For such tracking events (PERF_RECORD_FORK...), we have dummy event so
it is possible for us to receive tracking events from a separated
channel, therefore we don't have to parse every events to pick those
events out. Instead, we can process tracking events differently, then
more interesting things can be done. For example, squashing those tracking
events if it takes too much memory...
If you look at my daemon code I process task events (FORK, MMAP, EXIT)
to maintain task state including flushing threads when they terminate.
This is a trade-off to having the knowledge to pretty-print addresses
(address to symbol resolution) yet not grow without bounds -- be it a
file or memory.
Post by Wangnan (F)
Furthermore, there's another problem being discussed: if userspace
ringbuffer
is bytes based, parsing event is unavoidable.
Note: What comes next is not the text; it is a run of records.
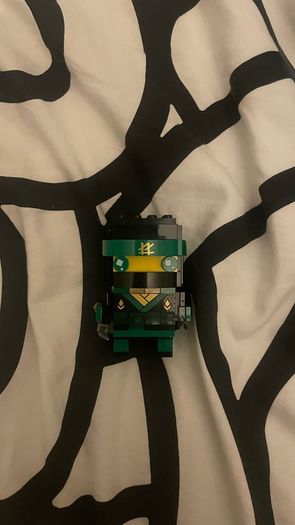 Lloyd brickheadz
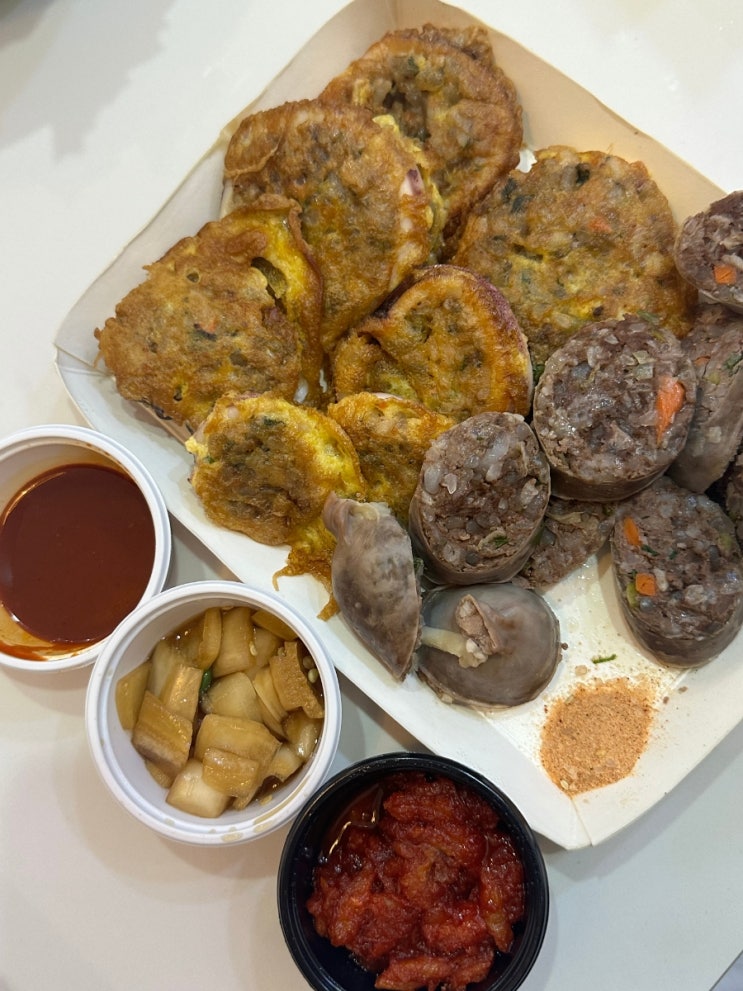  유튜브맛집 <강릉바삭이네> 찐맛집일까, 광고일까
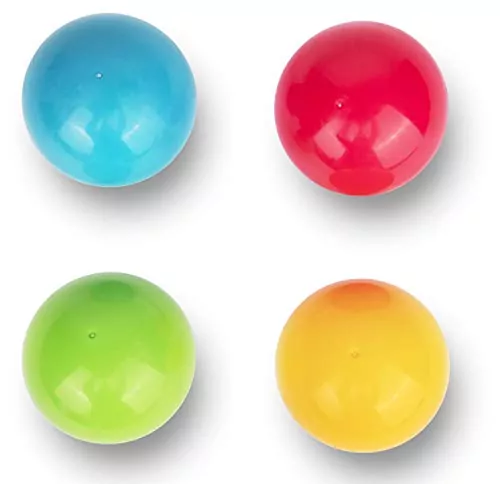 Toddler Pound-a-Ball Toy enhances active learning and development, improving motor skills, hand-eye coordination, and color recognition in young children.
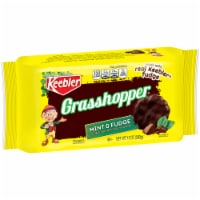 Keebler® Grasshopper® Mint & Fudge Cookies Perspective: Main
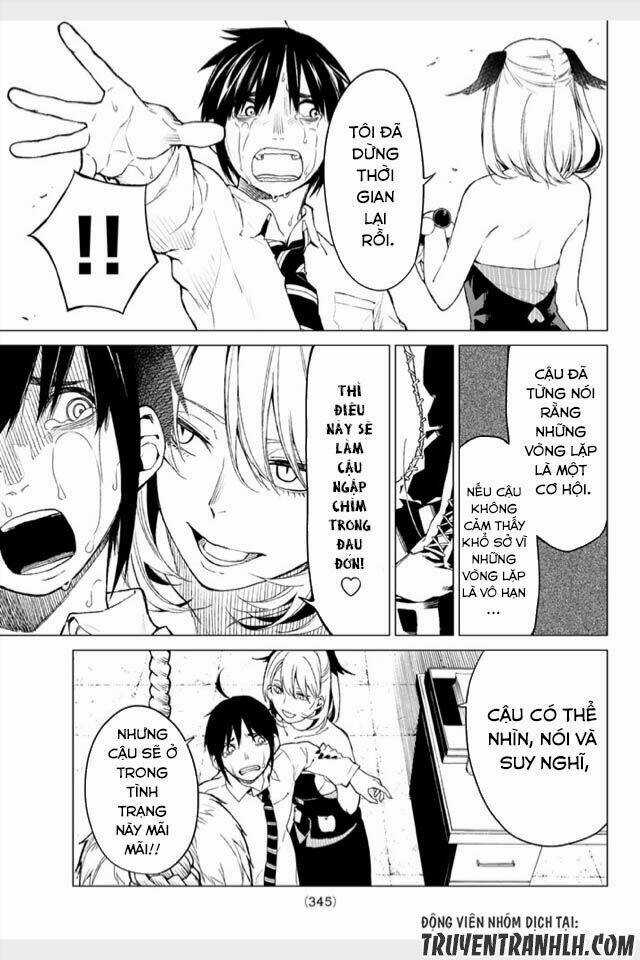 Sengoku No Karma - Chapter 12 - Trang 19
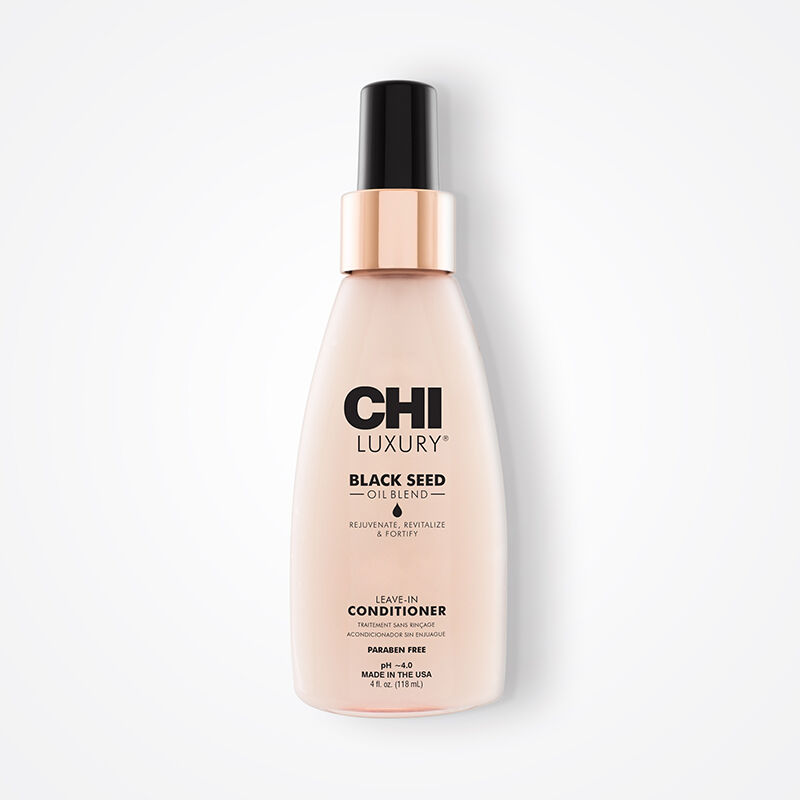 Luxury Black Seed Oil Blend Leave-In Conditioner 118 ml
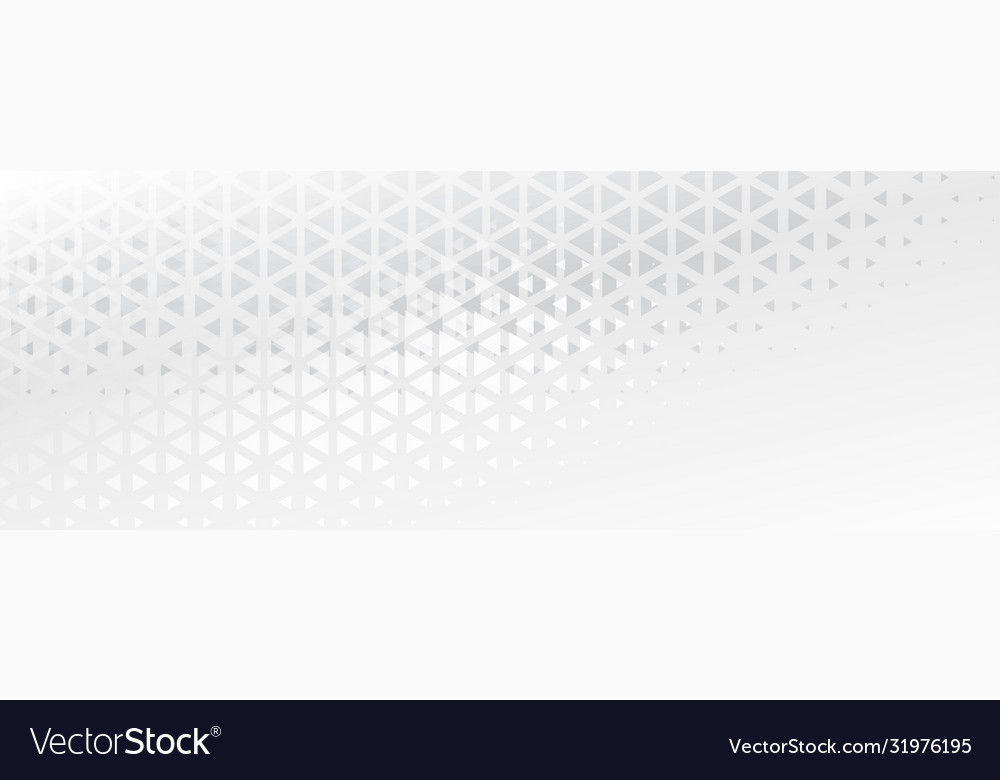 Subtle Triangle Pattern Background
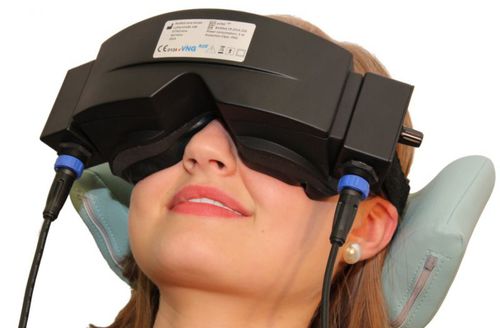 Videonystagmographie-System - eVNG USB - BioMed Jena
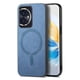 thumbnail image 5 of Magnetic Slim Case for Honor 100 with Camera Guard & Anti-Scratch Back Blue, 5 of 5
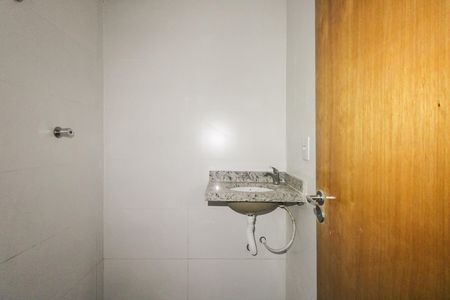 Studio à venda com 20m², 1 quarto e sem vaga Studio à venda com 20m², 1 quarto e sem vagaBanheiro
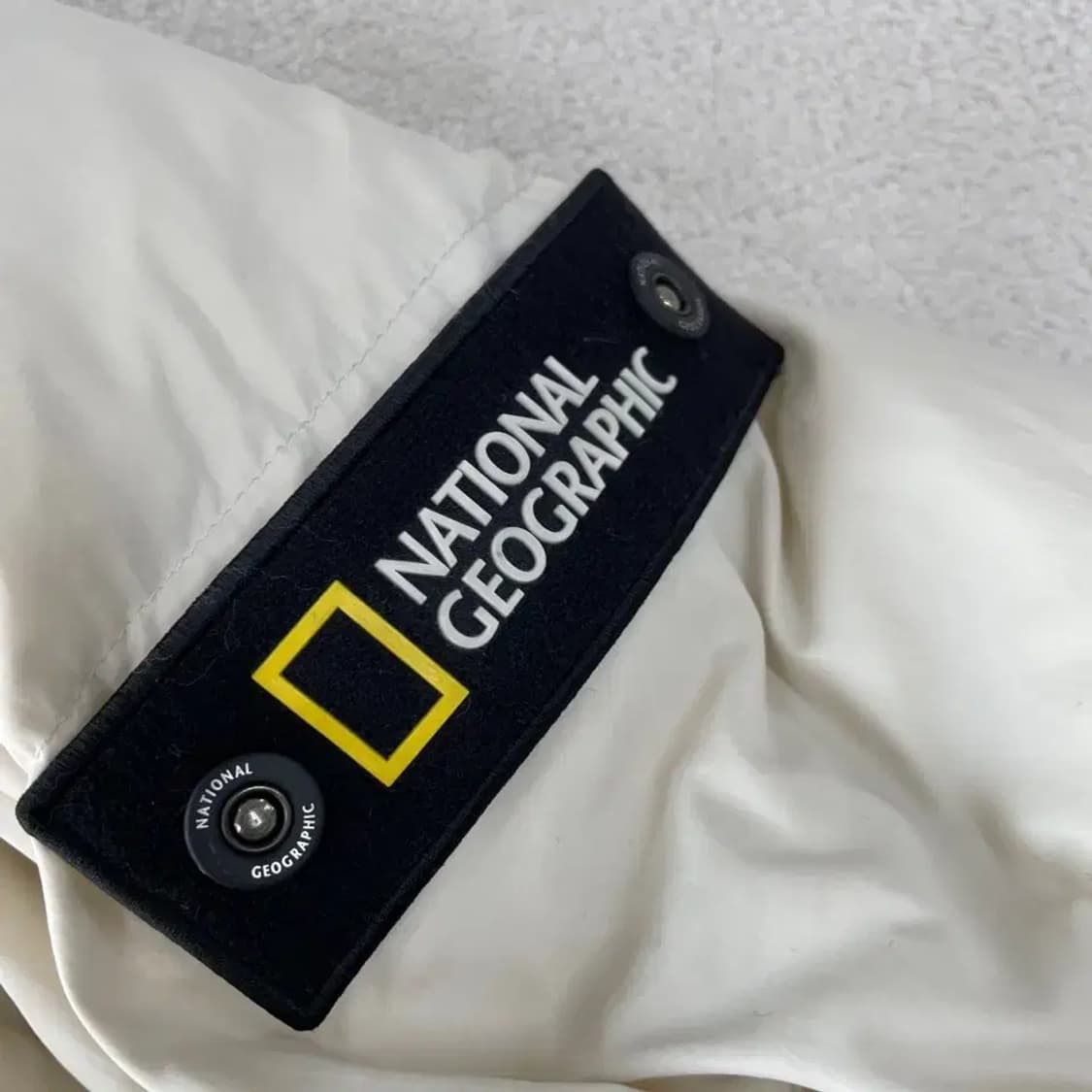 XL 내셔널지오그래픽 덕다운 패딩 남성 105 상품이미지7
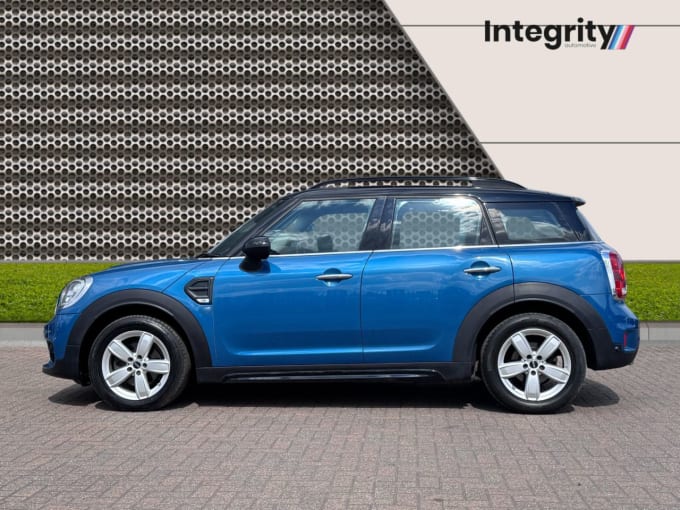 2025 Mini Countryman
Without parsing event we are
unable to find the new 'head' pointer when overwriting. Instead, we are
thinking about a bucket-based ringbuffer that, let perf maintain a series
of bucket, each time 'poll' return, perf copies new events to the start of
a bucket. If all bucket is occupied, we drop the oldest bucket. Bucket-based
ringbuffer watest some memory but can avoid event parsing.
And there's many other problems in this patch. For example, when SIGUSR2 is
received, we need to do something to let all perf events start dumping.
Current implementation can't ensure we receive events just before the
SIGUSR2 if we not set 'no-buffer'.
Also, output events are in one perf.data, which is not user friendly.
Our final goal is to make perf a daemonized moniter, which can run 7x24
in user's environment. Each time a glitch is detected, a framework sends
a signal to perf to get a perf.data from it perf. The framework manage
those perf.data like logrotate, help developer analysis those glitch.
Exactly. And that's why my daemon is written the way it is. It is
intended to run 24x7x365. It retains the last N events which are dumped
when some external trigger tells it to.

Arnaldo: you asked about an event in the stream but that is not
possible. My scheduling daemon targets CPU usage prior to a significant
event (what was running, how long, where, etc). The significant event in
the motivating case was STP timeouts -- if stp daemon is not able to
send BPDUs why? What was running leading up to the timeout. The point is
something external to the perf daemon says 'hey, save the last N-events
for analysis'.

This case sounds like a generalization of my problem with the desire to
write a perf.data file instead of processing the events and dumping to a
file. It is doable. For example, synthesize task events for all threads
in memory and then write out the saved samples.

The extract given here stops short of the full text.